Porträt Zilpzalp

Zilpzalp

DER ZILPZALP - Ein kleiner, eher unscheinbarer Vogel, mit einer großen Stimme. Sein Gesang ist Namensgeber des Zilpzalps.

Aussehen

Der Zilpzalp sticht in der Vogelwelt nicht durch eine besondere Zeichnung hervor. Sein Gefieder ist auf der Oberseite in Grau- und Brauntönen gefärbt, mit einem Schimmer ins Grünliche. Die Federn auf der Bauchseite sind heller und haben zur Brust hin manchmal einen zarten Hauch von Gelb. Auch im Gesicht, um seine Augen, hat der Zilpzalp gelbe Streifen. Die Füße des Vogels sind dunkel bis schwarz, der Schnabel ist schmal.

Weibliche und männliche Zilpzalps sind vom Aussehen her nicht zu unterscheiden. Beide Geschlechter wiegen bis zu 9 Gramm und erreichen eine Körperlänge von ca. 10 cm bis 11 cm.

Verhalten

Der Zilpzalp ist ein Bodenbrüter. Er baut sein Nest aus Grashalmen, Moos oder anderen Pflanzenteilen.

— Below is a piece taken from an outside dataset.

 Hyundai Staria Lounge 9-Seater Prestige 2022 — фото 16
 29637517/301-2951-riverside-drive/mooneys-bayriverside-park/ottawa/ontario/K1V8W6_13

Es wird entweder knapp über Bodenhöhe errichtet oder ist direkt auf dem Boden. Deshalb ist das Nest auch sehr anfällig für Fressfeinde. Mader, Katzen und sogar Eichhörnchen sind eine häufige Bedrohung für das Gelege. 

Zilpzalpe gehen keine lebenslange Partnerschaft ein, sondern suchen sich jeden Frühling einen neuen Partner zur Paarung. 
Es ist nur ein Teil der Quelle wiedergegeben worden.